ある日、書類運びのおじさんが終わってから、どうしても神戸の役所を通さなければならない仕事が出来た。神戸支店のおじさんに急いで連絡すると「えー、またかいな。あんたんとこはいつもド緊急ばっかりやなあ。今から走っても間に合うかどうか、わからんで」と言う。この人に言い返す時間がもったいない。「もう、あなたには頼みません。わたしが直接、役所まで走ります」ガシャンと電話切ると、ボスに「わたしが自分で持って行きます」と言って、地下鉄や電車を乗り継ぎ、時間内に書類を提出した。

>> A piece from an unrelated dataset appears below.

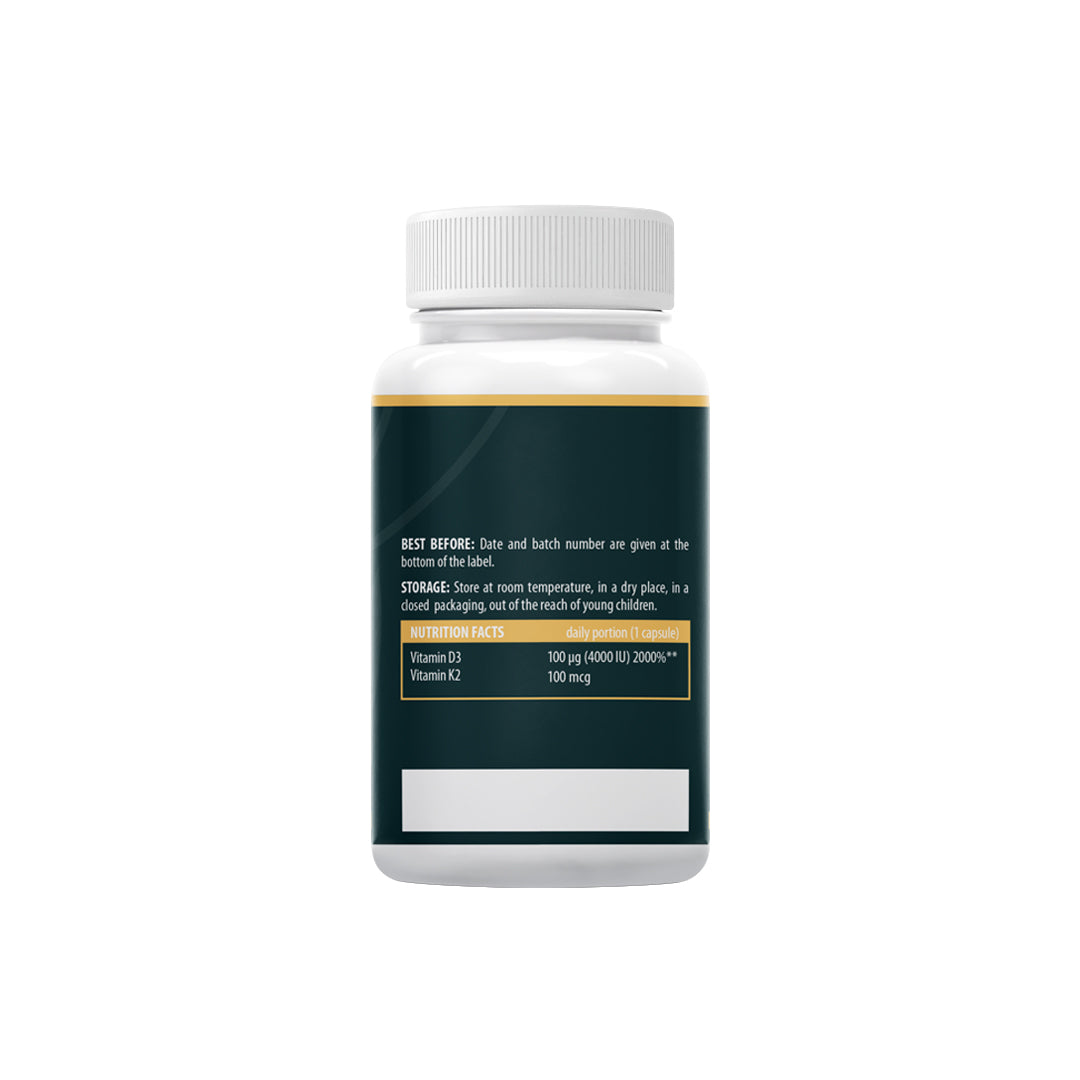 KORVA Vitamin D3 K2 in Olive Oil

駐在席に帰ってボスに「何ですか、あの人。こっちだって緊急でたいへんなのに、全然わかってない。あんな人に奥さんや子供がいて、一家の大黒柱が出来るんなら、わたしにだってできる」と言うとニヤニヤ笑っている。うちのボスは笑顔のいい穏やかな人だったが、いざ仕事となると鬼だった。わたしが泣こうがわめこうが「行け」で終わり。同じ会社でもいろんなタイプの人が働いている。
わたしが結婚するとき、結婚届の保証人はボスだった。わたしを心配して迷って下さっている奥さんを説き伏せ、2人のサインと判子をいただいた。ボスはわたしよりうちの相方を気にいっていたのだ。

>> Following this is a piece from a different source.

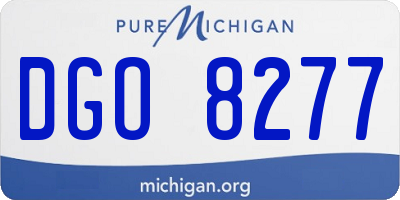 MI license plate DGO8277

まあ、その結婚で退職した後、ボスの話によると、例の神戸支店の人はわたしが結婚して辞めたときくと「ようやく辞めよったんか。よう結婚できたなあ」と言ったらしい。
今ならセクハラで訴えてやるってとこだけど、まあ他の男性社員の中にはわたしを高く評価して可愛がって下さった方もいたんだ。
それからは専業主婦。というほどのご立派な主婦ではなかったけど。
わたしは仕事が好きだった。本当は続けたかったのだ。でも、相方に前妻との女の子がいたので仕事を辞めた。わたしの母が専業主婦でずっと家にいて、ただいまって帰るとおかえりと迎えてくれた。母親っていうのはそういうものだと思い込んでいたのだ。
仕事を辞めたことは今も心の隅に何かちょっとひっかかってるとこがある。
でも、わたしの場合はあれでよかったんだ と分かっている。